General information
- Type: Tandem seat ultralight
- National origin: Italy
- Manufacturer: Millennium Aircraft (Compact Compositi srl), Turin

History
- First flight: 27 May 2006
- Developed from: Asso X Jewel
- Variants: Blackshape Prime Pelegrin Tarragon

= Millennium Master =

The Millennium Master is a low wing, single engine, tandem two-seat ultralight aircraft, constructed chiefly of carbon fibre. Designed and built in Italy, it flew for the first time in 2006.

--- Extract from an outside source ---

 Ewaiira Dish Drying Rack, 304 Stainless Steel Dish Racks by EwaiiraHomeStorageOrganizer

==Design and development==
The design of the Millennium Master stemmed from that of an earlier, wooden Asso X kit built aircraft but the structure has been entirely transformed into prepreg carbon fibre by Millennium Aircraft. The structural design was done by the Department of Aerostructures at the University of Turin and the aerodynamics were investigated by Alenia.

The Master has a low set, trapezoidal wing, though that plan is modified by an extended wing root fairing or glove, plus wing tips of the Küchemann type with curved leading edges. Flaps occupy the whole trailing edge inboard of the ailerons and have four settings. These flaps are slotted and are each in two spanwise parts, the break placed at the wing fold hinge line.

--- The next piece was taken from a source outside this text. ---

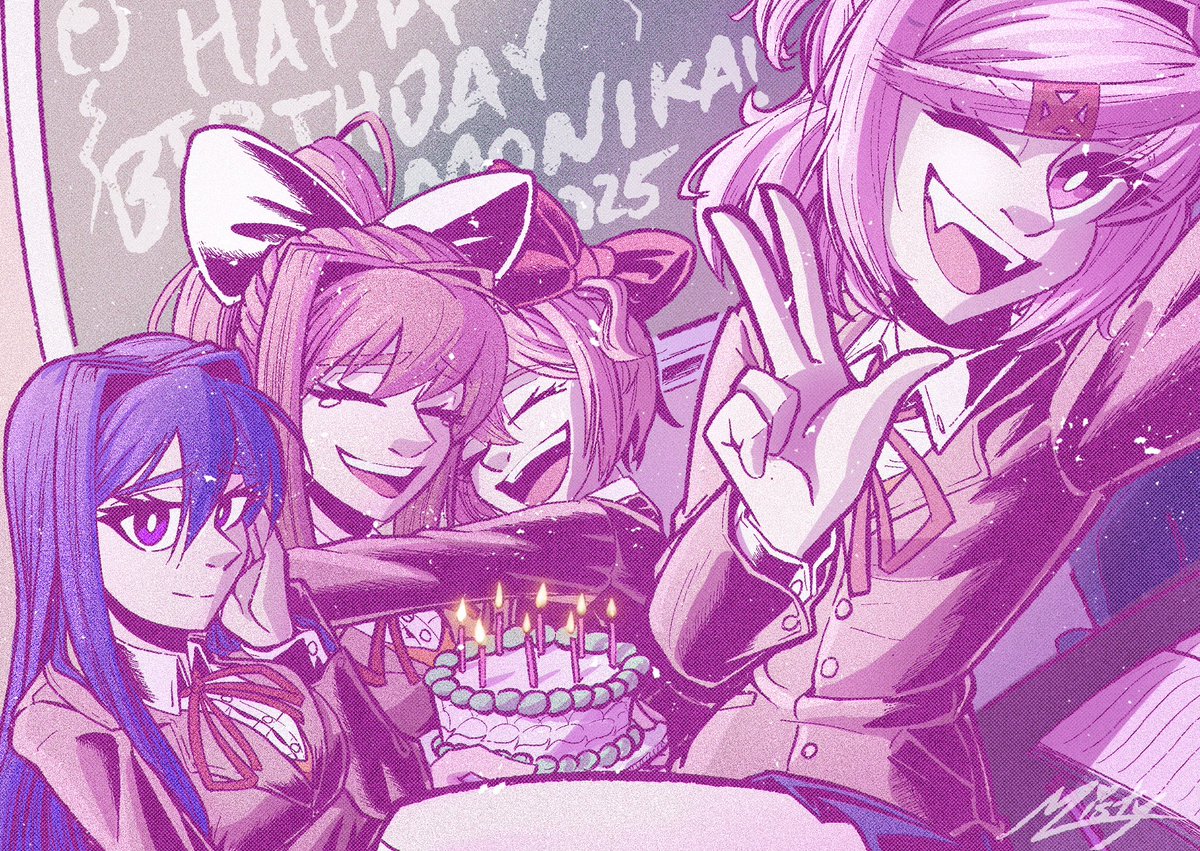 Happy birthday to Monika and a happy 8 year anniversary to #DokiDokiLiteratureClub !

A single piece canopy covers the tandem seats, with the rear seat higher than the other. Behind the cockpit the fuselage line falls to the tail. The tailplane is straight edged with rounded tips and carries marked anhedral. The fin and rudder are also straight edged but swept; there is a small additional ventral fin. Elevator has trim tabs. The Master has a tricycle undercarriage, the nosewheel retracting rearwards and the main legs inwards into the wings. The track is 2.01 m.

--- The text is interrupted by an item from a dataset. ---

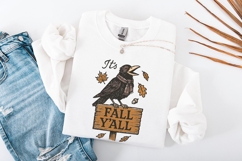 It’s Fall Y’all PNG, Autumn Crow Design, Pumpkin Spice Product Image 3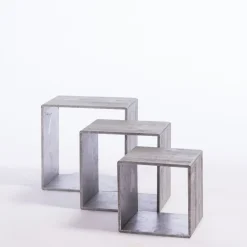 RETIF Cubes Argentes L 35 X P 25 X H 35 + L 30 X P 25 X H 30 + L 25 X P 25 X H 25 Cm Cheap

The Master is powered by a Rotax 912 ULS 100 HP (74 kW). It drives a two blade propeller with variable pitch in flight.

The Master first flew on 27 May 2006 and appeared in public for the first time at Aero '07 at Friedrichshafen in Germany in 2007. A second prototype flew in December 2007. Production was planned to start in October 2007, beginning with complete aircraft before commencing kit production.

The company went bankrupt before production of the Master was started and the design was later acquired by Blackshape of Monopoli, Italy and developed into the Blackshape Prime. The design was also developed into the Pelegrin Tarragon by Pelegrin Limited in conjunction with CFM Air.